São Paulo, quarta-feira, 12 de junho de 1996
Texto Anterior | Próximo Texto | Índice

Reformas e a 'reforma da saúde'

RICARDO DE MENEZES MACEDO

Dizer que falta ao governo federal uma política social parece um equívoco. É justamente na previdência, no trabalho, na educação e na saúde que este governo revela sua principal ação política: a ausência do Estado, deixando brecha para a atuação complementar da iniciativa privada. A "reforma da saúde", em andamento nos bastidores políticos, fará o mesmo percurso das outras questões sociais, norteada pelo mesmo princípio em que premissas falsas são vendidas como verdades incontestáveis, cristalizadas na mente de um povo que deseja uma salvação.
Por se tratar de lei cravada na Constituição como "direito de todos e um dever do Estado", o Sistema Único de Saúde (SUS) mostra-se como grande entrave às pretensões governistas de ausentar-se do social e beneficiar a área econômica, metas da chamada política neoliberal.
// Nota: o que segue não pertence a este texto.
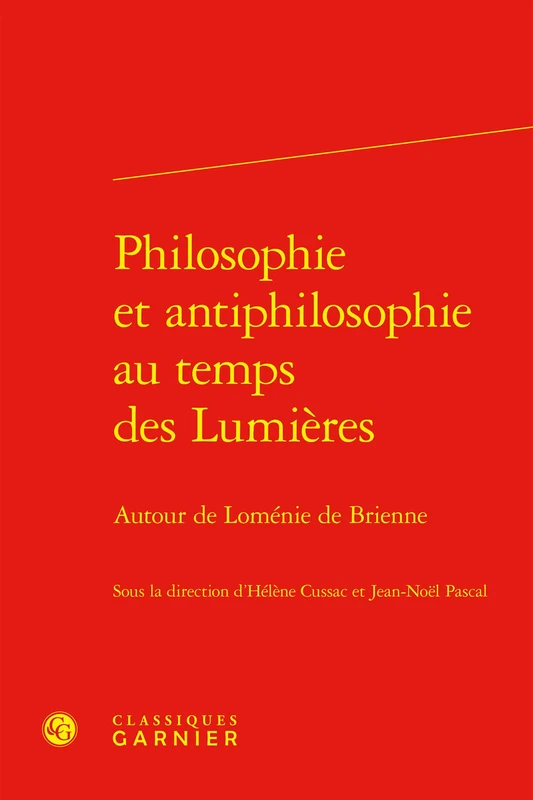 Philosophie et antiphilosophie au temps des Lumières: Autour de Loménie de Brienne: 49 - Image 1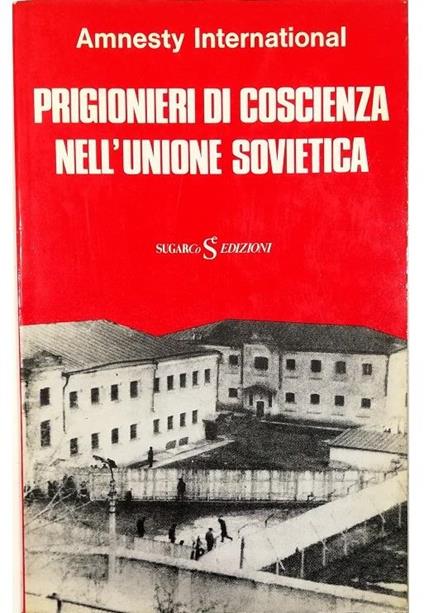 Prigionieri di coscienza nell'Unione Sovietica - Amnesty International Italia - copertina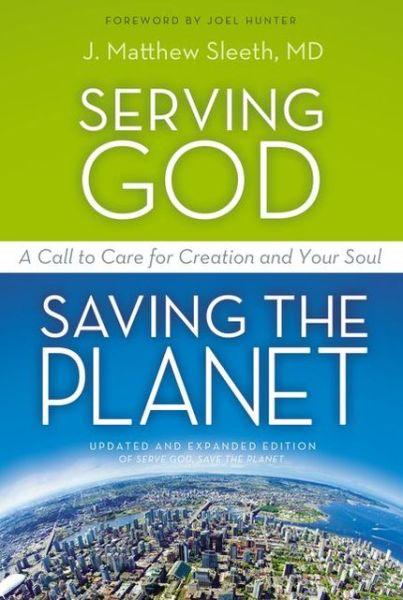 Cover for Sleeth, M.D., J. Matthew · Serving God, Saving the Planet: A Call to Care for Creation and Your Soul (Paperback Book) (2013)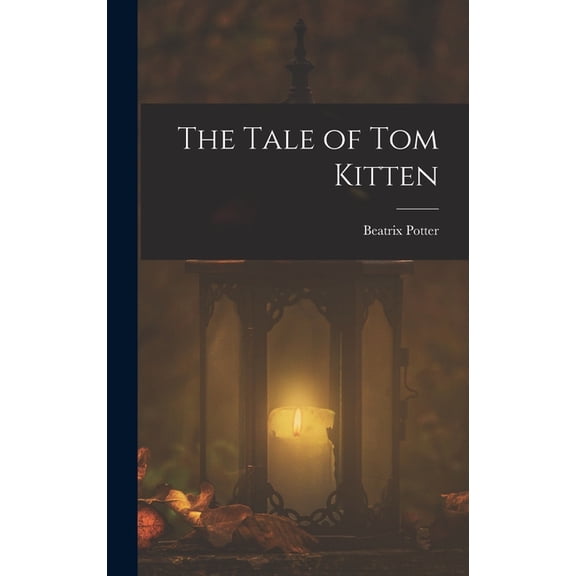 The Tale of Tom Kitten, (Hardcover)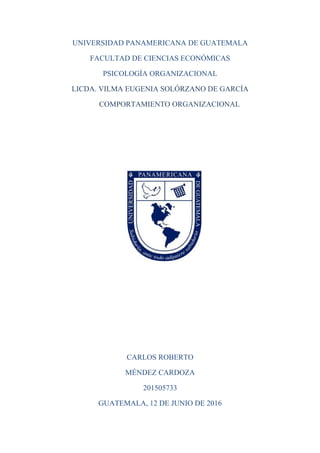 UNIVERSIDAD PANAMERICANA DE GUATEMALA
FACULTAD DE CIENCIAS ECONÓMICAS
PSICOLOGÍA ORGANIZACIONAL
LICDA. VILMA EUGENIA SOLÓRZANO DE GARCÍA
COMPORTAMIENTO ORGANIZACIONAL
CARLOS ROBERTO
MÉNDEZ CARDOZA
201505733
GUATEMALA, 12 DE JUNIO DE 2016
E aí aumentam as críticas ao SUS -visto por alguns como natimorto e, por outros, como uma fonte sem fim de corrupção.
Primeiro, por meio do chamado PEC-32 (Projeto de Emenda Constitucional), o governo tentou retirar do texto constitucional a garantia de universalidade e gratuidade, remetendo essa questão para as leis ordinárias. Essa estratégia de privatização de direitos foi, felizmente, abortada na Câmara. Agora prepara-se uma nova estratégia. Alegando que não há recursos para todos, querem restringir o SUS àqueles que ganham entre zero e três salários.
Dessa forma, os cidadãos não agraciados pela miséria poderão depositar nas contas dos chamados "planos de saúde" o dinheiro que não têm para garantir-lhes a saúde que não terão porque não leram as letras miúdas dos contratos recheados de exceções e carências. À promessa de uma saúde com mais recursos para os menos favorecidos restará, em alguns anos, uma saúde pobre para pobres
Sem poder para reivindicar não há controle social. Por outro lado, a resistência da "base governista" em alocar recursos para a saúde -mesmo que temporários e polêmicos, como a CPMF- permitirá ao governo justificar a imposição de reformas que são, de fato, as que lhe interessam. O modelo de saúde que está na Constituição, mesmo contra todas as intencionais ações em contrário, tem dado mostras de eficiência. O Estado que aí está é que se mostra ineficiente para implementar as questões sociais. A questão não é se existe ou não a necessidade de reformas, mas a quem interessam. Essas que estão em andamento, no Brasil, certamente não interessam ao povo.

Texto Anterior: Santas Casas exigem verba
Próximo Texto: Santa Genoveva transfere pacientes
Índice


Clique aqui para deixar comentários e sugestões para o ombudsman.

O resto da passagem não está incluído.